I wrote the following article in September 2016 which was published in the Alaska Journal of Commerce. It is worth reprinting here because of its increasing relevance today as our housing stock continues to age. In my experience, home inspectors are over-reaching beyond health and safety issues. Home inspections are full of ‘recommendations’ that are not related to health and safety. The more items identified on a home inspection report, the more work is created for general contractors or handymen, many of which are the same as home inspectors. But, not all the fault lies with the inspectors. Much of it is also the fault of my own industry. As realtors, we need to dampen the expectation buyers have when purchasing a home that is 20 to 30 years old and counsel them as to what is truly health and safety items. So, here’s the article.
Selling a home is a four step negotiating process. Step one is deciding the asking price in consultation with your realtor. Step two is negotiating the price and terms of any offer that you receive. Step three is negotiating the recommended list of repair items from a home inspection report. Step four is any change in the final sales price as a result of the appraisal coming in less than the agreed upon sales price.
Step three is the sticky part where the buyer, seller and realtors often disagree with what needs to be done as a result of the home inspector’s recommendations. This is a growing issue in our local industry due to Anchorage’s aging housing stock. Buyers want everything fixed or replaced that is identified in the report, often times requesting beyond the health and safety items to include cosmetic and maintenance items. Sellers, on the other hand, see no need for most if any of the items called out on the report because they have lived comfortably in the home during their ownership.
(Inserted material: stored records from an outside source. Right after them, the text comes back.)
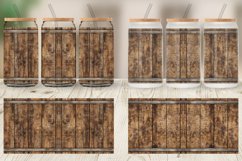 Glass Can Wraps Wood Barrel Texture Product Image 5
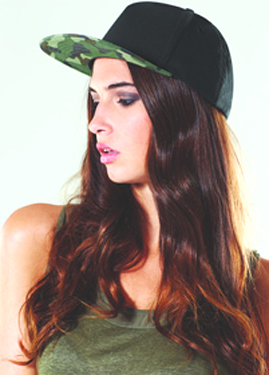 CAMO SNAPBACK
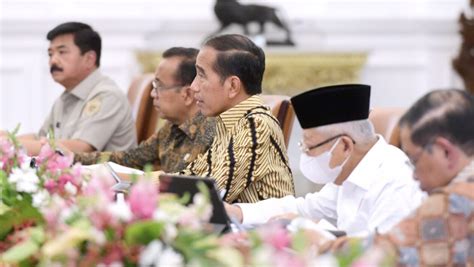 Presiden Joko Widodo Pimpin Ratas Soal Perkembangan Investasi Di Ikn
Thus, the home inspector report becomes almost the defining negotiating document in any transaction and becomes as important as a buyer’s credit score or an appraiser’s value. So who are these home inspectors and what are their qualifications? There are seventy-two licensed home inspectors in the state of Alaska. Twenty-two are in Anchorage. Home inspectors must pass significant national exams in order to become licensed in Alaska. They are also required to be bonded and insured by the state of Alaska, according to the Statute and Regulations for Home Inspectors published in January 2015. So what does the license allow them to do? It allows them to do a ’visual’ inspection of an existing or new residence of the heating and air-conditioning systems; plumbing and electrical system; built-in appliances such as stove, hood, dishwashers; roof, attic and visual insulation; walls, ceilings, doors, windows and floors; foundation and basement; visible exterior and interior structures; drainage to and from the residence; and other systems and components as specified by the department of commerce. They must physically inspect the property and write a written report. The statute does not authorize them to address general maintenance issues, lawn care, stained or frayed carpet or any other interior/exterior cosmetic items and should not be noted in the report. That responsibility falls to the appraiser to address the general condition of a home.
It is in everyone’s best interest to sell a home with all health and safety issues clearly identified and repaired prior to closing. Home inspectors should be careful, however, not to extend their comments to items of general maintenance or address items of cosmetic discretion or preference. And first time home buyers need to remember that they might very well be purchasing a home that is older than they are and may need to lower their expectations for a like new home.